For testing the convergence of the empirical risk we cannot use the temperature data (or any actual data in fact), since it's finite and we cannot let $|D| \rightarrow \infty$.

To select a _class_ of models, or to test numerical algorithms, one often designs a **synthetic** distribution with known properties. One can then sample as many realisations from this distribution as desired.

- **Write** a Python **function** `TrueSample()` which returns a pair x,y which is a random sample from the following distribution:
   - $X \sim \mathcal{U}(-1,1)$ is a random value uniformly distributed between -1 and 1;
   - for a given $X$, compute the label as $Y = X - X^3 + \frac{1}{10} \xi$, where $\xi \sim \mathcal{N}(0,1)$ is a random variable with the standard normal distribution.   
   
   _Hint: read up on [numpy.random](https://numpy.org/doc/1.16/reference/routines.random.html) module_
 
- **Compute** 30 samples of x and y from `TrueSample()` and store them in _numpy_ arrays X and Y, respectively.
- **Plot** array Y vs array X using `plot()` from _matplotlib_'s _pyplot_ module.
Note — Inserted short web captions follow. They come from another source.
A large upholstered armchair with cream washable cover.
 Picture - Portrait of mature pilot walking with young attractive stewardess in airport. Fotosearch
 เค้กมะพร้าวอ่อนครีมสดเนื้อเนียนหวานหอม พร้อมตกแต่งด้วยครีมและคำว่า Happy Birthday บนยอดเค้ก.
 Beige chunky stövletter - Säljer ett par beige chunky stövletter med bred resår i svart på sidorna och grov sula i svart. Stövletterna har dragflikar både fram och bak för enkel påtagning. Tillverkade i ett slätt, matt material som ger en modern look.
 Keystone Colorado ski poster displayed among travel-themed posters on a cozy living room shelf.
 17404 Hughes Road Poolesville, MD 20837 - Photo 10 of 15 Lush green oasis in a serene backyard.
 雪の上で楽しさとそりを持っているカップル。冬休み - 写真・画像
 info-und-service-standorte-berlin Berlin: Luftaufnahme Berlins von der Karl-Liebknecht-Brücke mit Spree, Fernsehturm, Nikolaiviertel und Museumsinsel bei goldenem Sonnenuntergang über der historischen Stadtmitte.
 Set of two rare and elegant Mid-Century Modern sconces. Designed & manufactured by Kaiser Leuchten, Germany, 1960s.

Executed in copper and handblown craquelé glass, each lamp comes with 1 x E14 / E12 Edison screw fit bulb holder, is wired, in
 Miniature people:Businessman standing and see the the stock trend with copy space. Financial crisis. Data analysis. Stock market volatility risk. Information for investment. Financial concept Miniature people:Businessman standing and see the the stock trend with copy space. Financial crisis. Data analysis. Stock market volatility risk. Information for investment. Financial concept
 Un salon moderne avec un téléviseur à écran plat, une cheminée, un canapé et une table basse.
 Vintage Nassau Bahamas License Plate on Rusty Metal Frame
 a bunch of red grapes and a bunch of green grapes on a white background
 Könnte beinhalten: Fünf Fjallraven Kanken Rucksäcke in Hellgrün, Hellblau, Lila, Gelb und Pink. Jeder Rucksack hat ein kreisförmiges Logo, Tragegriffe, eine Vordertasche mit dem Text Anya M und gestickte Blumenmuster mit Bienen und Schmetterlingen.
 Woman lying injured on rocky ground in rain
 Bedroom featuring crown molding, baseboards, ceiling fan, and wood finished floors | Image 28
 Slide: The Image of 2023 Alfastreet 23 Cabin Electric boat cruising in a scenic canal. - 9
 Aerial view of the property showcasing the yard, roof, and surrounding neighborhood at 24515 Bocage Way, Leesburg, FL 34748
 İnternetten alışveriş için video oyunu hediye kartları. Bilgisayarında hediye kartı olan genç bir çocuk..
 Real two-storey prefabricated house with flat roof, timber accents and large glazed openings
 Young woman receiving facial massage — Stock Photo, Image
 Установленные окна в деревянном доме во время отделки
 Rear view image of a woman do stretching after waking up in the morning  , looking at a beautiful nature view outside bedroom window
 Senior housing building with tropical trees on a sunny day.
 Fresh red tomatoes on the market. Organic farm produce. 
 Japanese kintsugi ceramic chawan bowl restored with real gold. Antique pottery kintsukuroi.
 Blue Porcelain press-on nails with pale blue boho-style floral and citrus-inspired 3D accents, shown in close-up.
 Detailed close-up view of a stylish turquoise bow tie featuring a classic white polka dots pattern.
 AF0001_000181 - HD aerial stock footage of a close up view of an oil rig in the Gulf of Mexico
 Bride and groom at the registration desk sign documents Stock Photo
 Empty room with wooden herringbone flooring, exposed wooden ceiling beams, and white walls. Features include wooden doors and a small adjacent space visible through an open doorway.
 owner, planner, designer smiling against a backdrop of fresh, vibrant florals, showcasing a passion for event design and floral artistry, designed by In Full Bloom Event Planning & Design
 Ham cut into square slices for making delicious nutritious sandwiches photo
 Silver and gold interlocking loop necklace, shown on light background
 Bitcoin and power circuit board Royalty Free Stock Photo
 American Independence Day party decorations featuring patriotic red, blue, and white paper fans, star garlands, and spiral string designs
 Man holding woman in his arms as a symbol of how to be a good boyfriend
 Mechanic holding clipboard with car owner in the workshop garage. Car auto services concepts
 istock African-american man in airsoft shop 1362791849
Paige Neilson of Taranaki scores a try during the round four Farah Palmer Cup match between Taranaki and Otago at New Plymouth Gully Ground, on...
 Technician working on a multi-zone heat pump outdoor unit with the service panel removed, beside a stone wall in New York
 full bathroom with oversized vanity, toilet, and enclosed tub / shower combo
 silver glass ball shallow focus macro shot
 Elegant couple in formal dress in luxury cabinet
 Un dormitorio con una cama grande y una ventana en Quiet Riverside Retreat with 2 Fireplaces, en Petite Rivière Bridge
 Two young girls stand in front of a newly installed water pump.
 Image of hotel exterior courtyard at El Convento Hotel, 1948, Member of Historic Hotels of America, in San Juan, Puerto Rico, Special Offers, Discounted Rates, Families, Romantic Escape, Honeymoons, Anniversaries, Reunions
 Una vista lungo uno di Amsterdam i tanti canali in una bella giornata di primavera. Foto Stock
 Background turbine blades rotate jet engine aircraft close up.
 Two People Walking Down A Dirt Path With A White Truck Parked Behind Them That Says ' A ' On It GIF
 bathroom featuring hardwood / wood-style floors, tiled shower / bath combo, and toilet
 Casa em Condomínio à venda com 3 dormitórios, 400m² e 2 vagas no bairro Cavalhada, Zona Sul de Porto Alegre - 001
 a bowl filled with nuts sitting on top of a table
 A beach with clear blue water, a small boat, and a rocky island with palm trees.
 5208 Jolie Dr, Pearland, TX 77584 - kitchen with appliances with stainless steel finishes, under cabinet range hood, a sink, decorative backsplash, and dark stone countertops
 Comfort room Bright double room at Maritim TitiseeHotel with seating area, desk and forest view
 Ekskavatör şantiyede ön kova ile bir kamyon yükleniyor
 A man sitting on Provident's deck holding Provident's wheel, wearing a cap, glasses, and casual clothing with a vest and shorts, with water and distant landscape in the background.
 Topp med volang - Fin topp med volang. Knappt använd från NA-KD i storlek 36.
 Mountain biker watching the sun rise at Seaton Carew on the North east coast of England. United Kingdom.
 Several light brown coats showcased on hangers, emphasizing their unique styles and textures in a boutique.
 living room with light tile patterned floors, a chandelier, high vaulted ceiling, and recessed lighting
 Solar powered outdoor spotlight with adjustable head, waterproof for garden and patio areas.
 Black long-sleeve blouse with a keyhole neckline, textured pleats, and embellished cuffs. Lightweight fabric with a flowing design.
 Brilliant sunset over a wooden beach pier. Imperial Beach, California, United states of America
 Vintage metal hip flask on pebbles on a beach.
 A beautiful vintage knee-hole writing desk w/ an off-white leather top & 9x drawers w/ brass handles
Make sure you plot **only points** (x,y) (not lines connecting them).

## Task 2: convergence of the parameter
- **Copy** over functions `features` and `optimise_loss` from Problem Sheet 1 (your implementation or my model solution)
- Take $n=1$ and **compute** $\boldsymbol\theta^* \in \mathbb{R}^2$ using `optimise_loss` applied to the data X and Y prepared in Task 1.
- **Vary** the number of samples in Task 1 in a range 30, 100, 300, 1000, 3000, and for each corresponding realisation of X and Y compute the corresponding $\boldsymbol\theta^*$.
- **Compare** $\theta^*_1$ with $\theta^{best}$ found in Task (b) as the number of samples increases.

## Task 3 (Warm-up): data splitting

- **Write a Python function** `split_data(X,Y,K,k)` that takes as input _numpy_ arrays X and Y as defined previously, a positive integer number of chunks K the data should be split into, and an index $0\le$ k $<$ K. The function should split X and Y into K subsets of equal size (you can assume that K divides the size of X and Y) and **return** 4 outputs: Xtrain, Ytrain, Xtest, Ytest, where Xtest and Ytest are the $k$-th subsets of X and Y, respectively, and Xtrain and Ytrain contain the rest of X and Y, respectively.